Figure 1: Example angiograms, and a subtraction result.
The input to the system is an angiogram x-ray, as shown in Figure 1a. Such an image is called a contrast image, because it shows the vessel with the contrast agent injected. Optionally, a second x-ray taken without the contrast agent may be provided, as in Figure 1b. If both images are provided, subtracting them can remove parts of the background that might confuse subsequent detection steps, as shown in Figure 1c. Before subtracting, the images must be aligned to compensate for the any motion of the patient. The alignment algorithm translates and rotates the images to reduce the sum of squared differences in the pixel values, while ignoring pixels which are parts of vessels.
Using either an angiogram or a subtracted image as input, the algorithm applies a series of matched filters to the image. Extending the work of , the filters in this algorithm are tuned to detect edges of vessels of specific sizes and orientations. The filter profiles have the same shape as an idealized vessel edge. To determine whether a vessel of a specific size and orientation exists at some point in the image, matched filters for the two edges of a vessel are applied. The edge filter with the minimum response is recorded, insuring that spurious edges are ignored. All sizes and orientations of filters are applied everywhere in the image, with the result shown in Figure 2a.
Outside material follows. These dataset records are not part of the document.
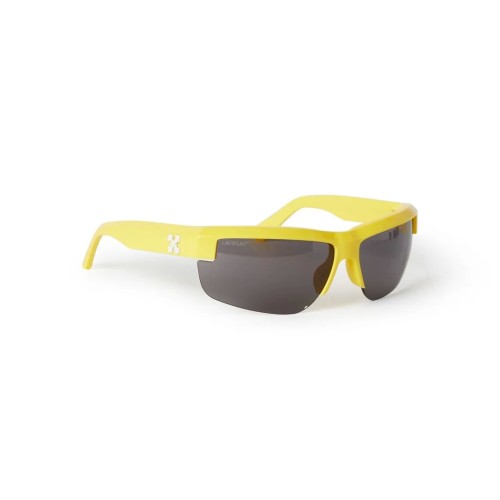 Off-White OERI068 TOLEDO - 1807 - 75 Napszemüvegek Sárga Szögletes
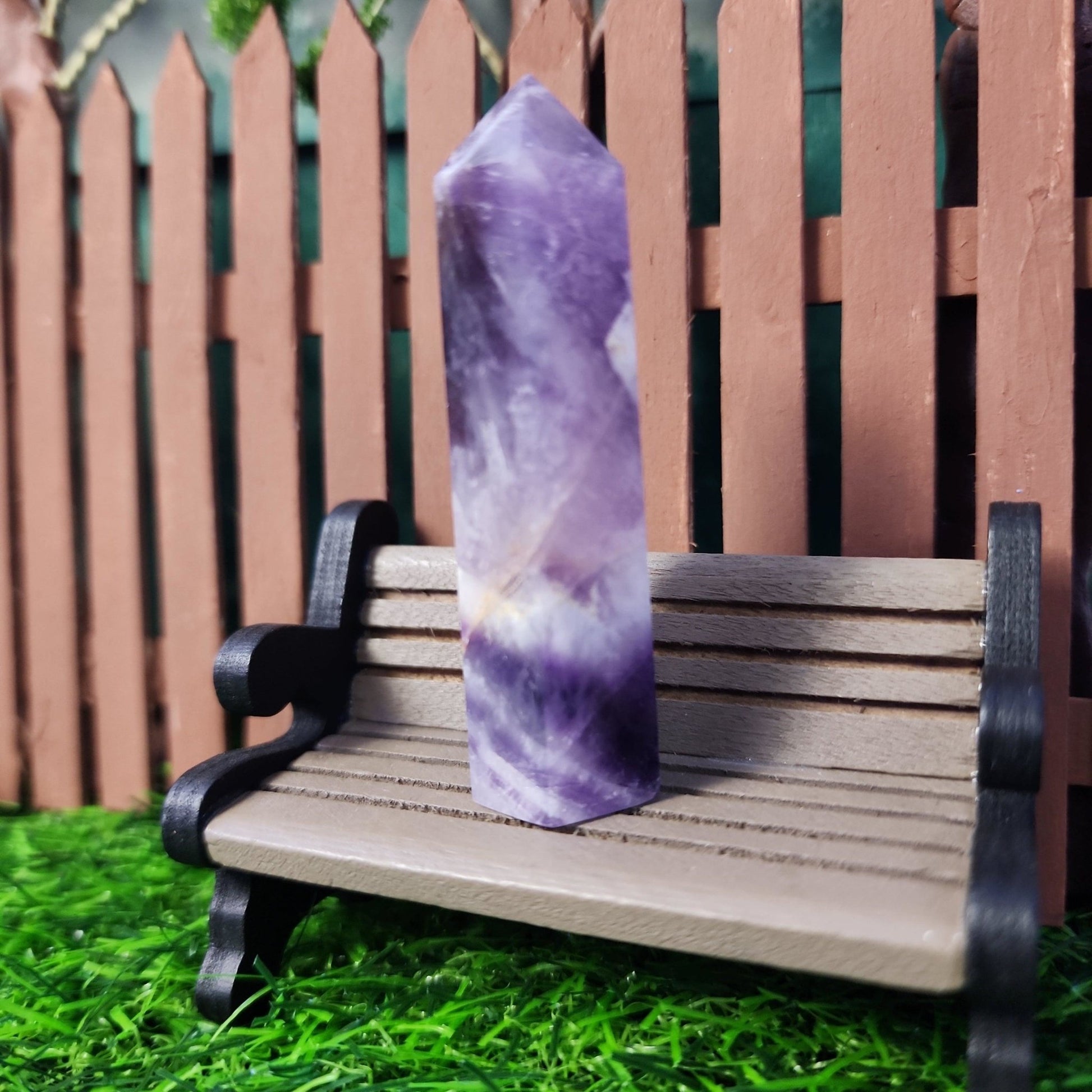 Amethyst Tower - MagicBox Crystals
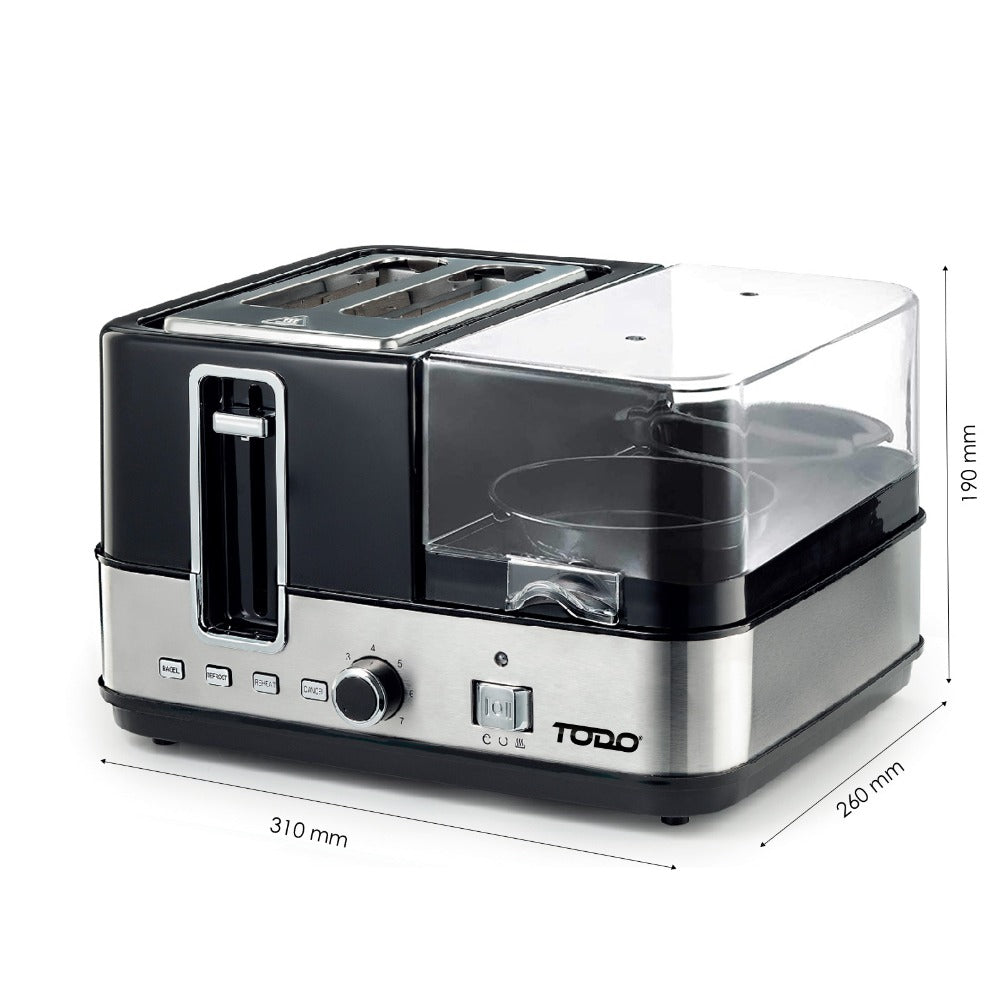 All-in-One Breakfast Maker for Modern Home Organisation – product detail angle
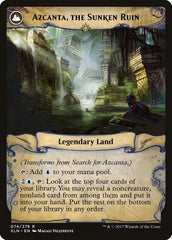 Search for Azcanta // Azcanta, the Sunken Ruin [Ixalan] | Game Master's Emporium (The New GME)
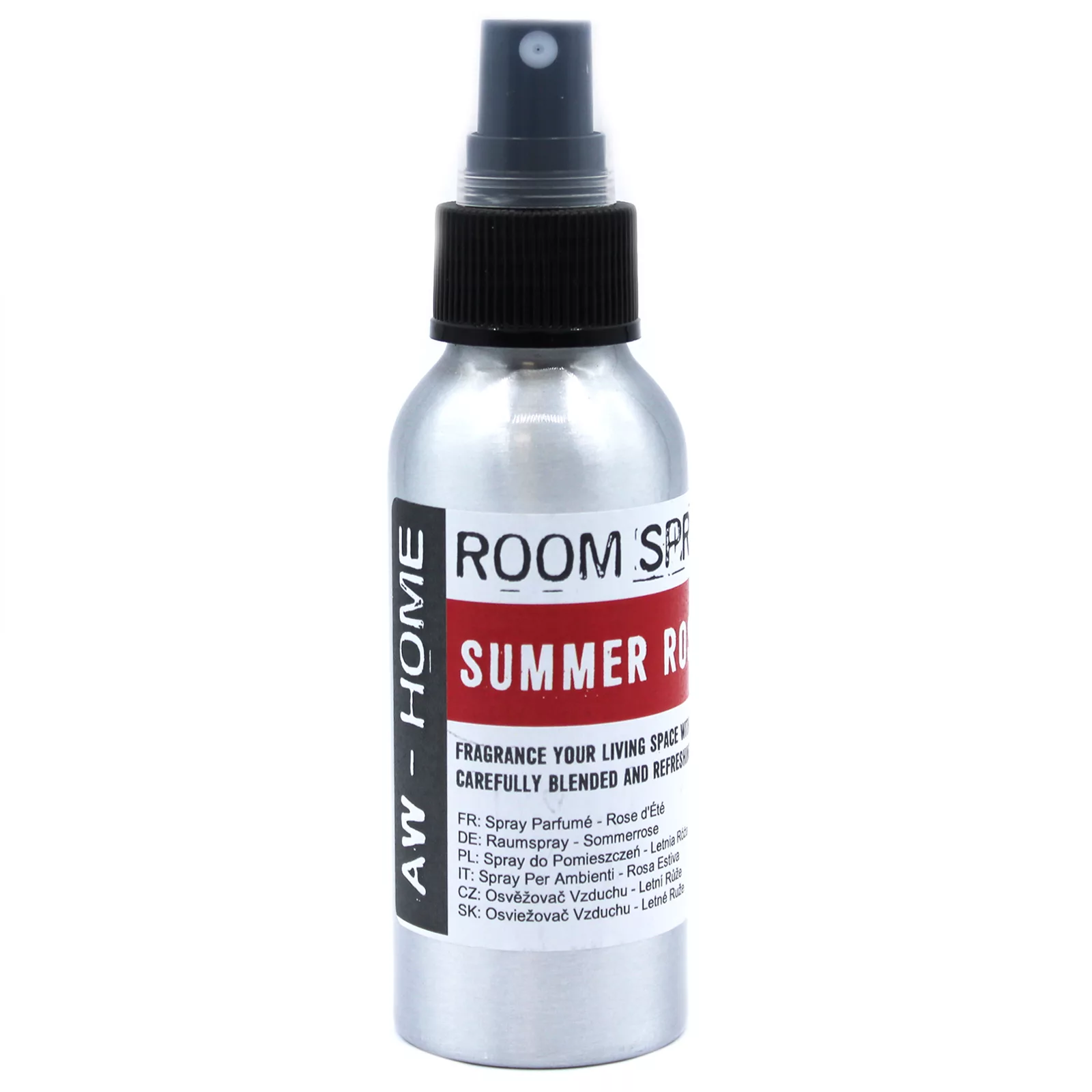 100ml Room Spray – Summer Rose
Figure 2: Filtering results and vessel linking.
After filtering the image, the next step is to link pixels together to form vessels. The linking process is performed using a best-first graph search technique , in which the nodes of the graph are pixels, and the edges connect adjacent pixels. The heuristic function guiding the search favors adding pixels which most closely match the vessel found so far in terms of width and orientation, with the result shown in Figure 2b.